What to do >>
Below is a listing; repeat exactly the lines from the one containing "VÍDEO: Chuva chega" to the one containing "Porsche Cayenne thế", both included.

:: Data for review ::

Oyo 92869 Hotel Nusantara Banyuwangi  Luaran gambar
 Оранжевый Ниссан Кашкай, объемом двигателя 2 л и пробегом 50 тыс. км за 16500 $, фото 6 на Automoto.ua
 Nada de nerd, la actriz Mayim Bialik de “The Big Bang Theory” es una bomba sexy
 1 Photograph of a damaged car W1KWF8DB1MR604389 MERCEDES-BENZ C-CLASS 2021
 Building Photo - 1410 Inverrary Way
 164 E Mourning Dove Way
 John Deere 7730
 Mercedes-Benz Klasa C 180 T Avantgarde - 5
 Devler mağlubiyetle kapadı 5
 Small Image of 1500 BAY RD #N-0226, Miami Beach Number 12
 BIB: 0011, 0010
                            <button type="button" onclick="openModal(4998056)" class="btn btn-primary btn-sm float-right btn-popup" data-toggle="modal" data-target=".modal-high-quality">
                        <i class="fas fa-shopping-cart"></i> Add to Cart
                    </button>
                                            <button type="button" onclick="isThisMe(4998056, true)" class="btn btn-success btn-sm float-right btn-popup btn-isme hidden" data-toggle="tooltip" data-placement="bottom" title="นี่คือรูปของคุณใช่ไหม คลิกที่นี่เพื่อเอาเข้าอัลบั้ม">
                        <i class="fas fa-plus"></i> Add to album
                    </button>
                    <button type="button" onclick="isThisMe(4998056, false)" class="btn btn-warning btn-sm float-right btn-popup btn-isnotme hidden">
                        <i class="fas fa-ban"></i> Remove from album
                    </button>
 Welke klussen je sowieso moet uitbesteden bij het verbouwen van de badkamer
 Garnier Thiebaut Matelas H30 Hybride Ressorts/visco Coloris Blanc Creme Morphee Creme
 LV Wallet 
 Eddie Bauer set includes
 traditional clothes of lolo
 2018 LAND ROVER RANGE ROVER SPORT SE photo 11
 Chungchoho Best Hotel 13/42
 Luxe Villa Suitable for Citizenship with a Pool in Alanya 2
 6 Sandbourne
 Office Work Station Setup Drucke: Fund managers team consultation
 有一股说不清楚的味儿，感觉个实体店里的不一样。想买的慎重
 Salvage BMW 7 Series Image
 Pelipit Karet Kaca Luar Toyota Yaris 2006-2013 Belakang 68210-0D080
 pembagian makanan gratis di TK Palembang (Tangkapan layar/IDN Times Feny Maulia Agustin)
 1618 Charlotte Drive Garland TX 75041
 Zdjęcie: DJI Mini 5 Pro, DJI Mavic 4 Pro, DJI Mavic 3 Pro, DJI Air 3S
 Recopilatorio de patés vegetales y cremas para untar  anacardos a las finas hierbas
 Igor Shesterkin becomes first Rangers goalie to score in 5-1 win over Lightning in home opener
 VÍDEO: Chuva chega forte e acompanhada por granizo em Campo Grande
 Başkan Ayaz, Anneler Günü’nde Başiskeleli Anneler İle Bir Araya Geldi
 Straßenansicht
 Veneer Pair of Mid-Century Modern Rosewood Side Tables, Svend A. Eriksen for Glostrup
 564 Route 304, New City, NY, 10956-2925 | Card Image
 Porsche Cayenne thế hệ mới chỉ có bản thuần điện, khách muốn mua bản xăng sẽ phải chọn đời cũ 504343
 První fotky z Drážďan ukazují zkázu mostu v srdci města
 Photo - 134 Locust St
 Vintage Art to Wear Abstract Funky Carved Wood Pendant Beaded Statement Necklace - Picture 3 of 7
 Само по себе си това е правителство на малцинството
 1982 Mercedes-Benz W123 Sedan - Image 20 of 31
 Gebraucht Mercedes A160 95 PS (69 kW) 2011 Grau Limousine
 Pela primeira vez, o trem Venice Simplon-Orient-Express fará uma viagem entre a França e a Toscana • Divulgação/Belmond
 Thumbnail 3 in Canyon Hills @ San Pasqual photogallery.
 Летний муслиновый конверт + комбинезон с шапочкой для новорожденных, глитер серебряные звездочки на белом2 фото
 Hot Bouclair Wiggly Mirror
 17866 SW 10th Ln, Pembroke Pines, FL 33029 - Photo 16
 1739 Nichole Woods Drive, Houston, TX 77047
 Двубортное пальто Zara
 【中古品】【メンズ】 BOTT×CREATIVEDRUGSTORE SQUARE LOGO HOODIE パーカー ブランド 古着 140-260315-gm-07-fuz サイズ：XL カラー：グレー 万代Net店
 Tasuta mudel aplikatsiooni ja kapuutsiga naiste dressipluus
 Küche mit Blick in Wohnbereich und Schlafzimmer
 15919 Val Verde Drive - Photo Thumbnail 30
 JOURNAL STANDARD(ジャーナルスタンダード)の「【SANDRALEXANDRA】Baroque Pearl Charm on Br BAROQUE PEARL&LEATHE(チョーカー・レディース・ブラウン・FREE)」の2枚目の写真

:::

Written answer >>
 VÍDEO: Chuva chega forte e acompanhada por granizo em Campo Grande
 Başkan Ayaz, Anneler Günü’nde Başiskeleli Anneler İle Bir Araya Geldi
 Straßenansicht
 Veneer Pair of Mid-Century Modern Rosewood Side Tables, Svend A. Eriksen for Glostrup
 564 Route 304, New City, NY, 10956-2925 | Card Image
 Porsche Cayenne thế hệ mới chỉ có bản thuần điện, khách muốn mua bản xăng sẽ phải chọn đời cũ 504343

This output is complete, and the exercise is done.